Thick walls help keep the rooms naturally cool. But it's the materials that stand out: Each brick is made from local soil, which was mixed with water and a small amount of cement before being compressed and sun-dried on site.
Together with eucalyptus wood (which was used for structural beams, staircases and roof supports), these natural building blocks were chosen to resonate with a local community composed largely of farmers and indigenous Brazilians.
"That's how they used to build," said Duschenes. "The grandparents of the (students) would build with mud bricks and wood. But somehow that got lost, or (came to be seen as something) bad from the past."
Yet, that's not to say that Utrabo and Duschenes -- who co-designed the building with fellow Brazilian firm Rosenbaum -- are overly deferential to vernacular traditions. Their design also nods to contemporary ideas. Children Village may employ ancient materials, but its flat roof and rectilinear frame are steeped in the traditions of architectural modernism.

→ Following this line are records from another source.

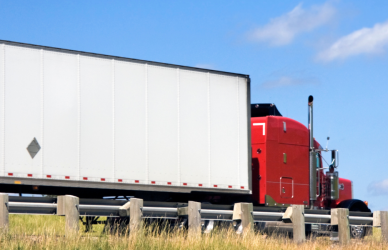 red semi truck on road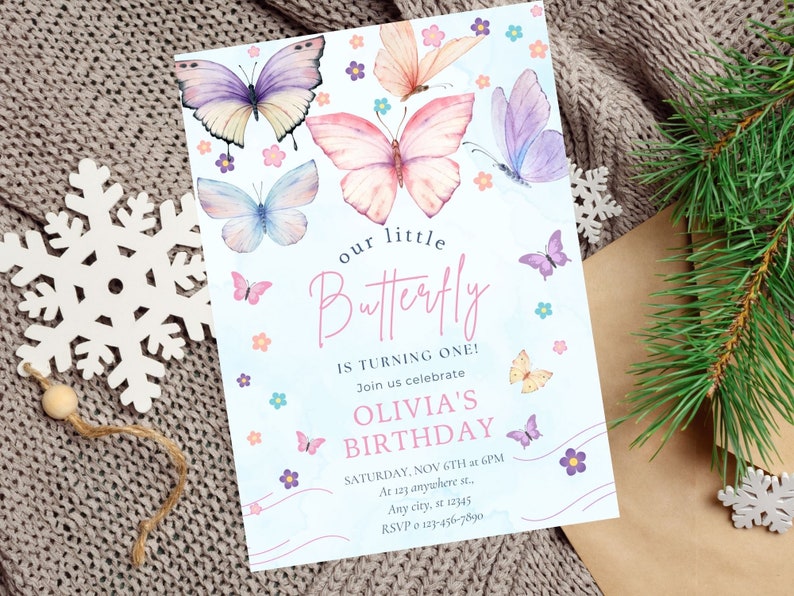 Puede incluir: Una invitaci&oacute;n azul y blanca con un dise&ntilde;o de mariposa de acuarela. El texto dice "nuestro peque&ntilde;o Butterfly est&aacute; cumpliendo un a&ntilde;o! &Uacute;nase a nosotros para celebrar el cumplea&ntilde;os de Olivia. S&aacute;bado, 6 de noviembre a las 6 PM. En 123 anywhere st., Any city, st 12345. RSVP 0 123-456-7890."
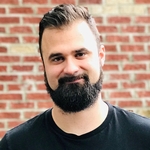 Man with a beard looking at the camera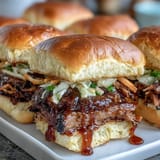 Smoky, tender BBQ brisket sliders with tangy sauce and crunchy slaw, served on soft toasted buns for a flavorful bite.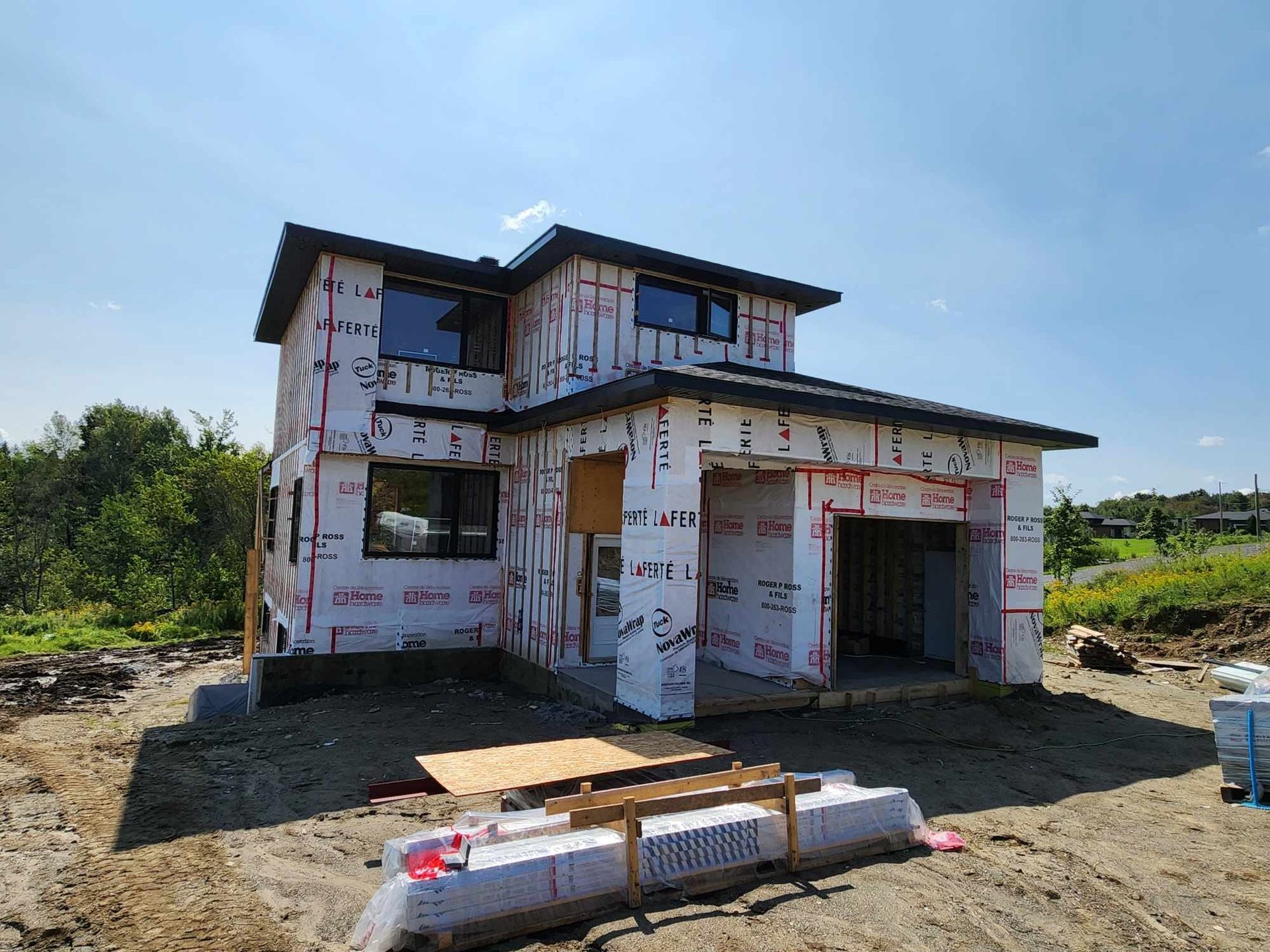Une maison est en construction au milieu d'un champ de terre.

Given that the nearest major city to the school is Brasilia (the concrete playground of famed modernist Oscar Niemeyer), this aesthetic will be as familiar to locals as the construction materials.
"It's a different kind of modernization," Duschenes said. "So a big part of the process was to show them that (their traditional) way of building could actually be done in a very technological and precise way -- that it's also a possible future.
"It's a dialogue between the times," he added.
An unconventional choice
The building's remote location and unorthodox materials aren't the only things that distinguish it from the usual gamut of international award nominees. For a start, Children Village was largely prefabricated. The region's poor roads and limited construction infrastructure meant that almost everything was built off-site and transported, in pieces, to Formoso do Araguaia to be assembled.
At 31 and 33 respectively, Duschenes and Utrabo are also incredibly young by industry standards. Having already claimed RIBA's International Emerging Architect prize, which is awarded to firms less than 10 years old, the duo has made an early impression on the architecture world, even if Children Village fails to claim the International Prize next month.
In any case, there are, as Utrabo suggests, other ways to judge the design's success.
"The rate of students that pass the exams (to enter) university is now higher than (before) -- so it's working really well," he concluded. "And I think the kids are having a lot of fun."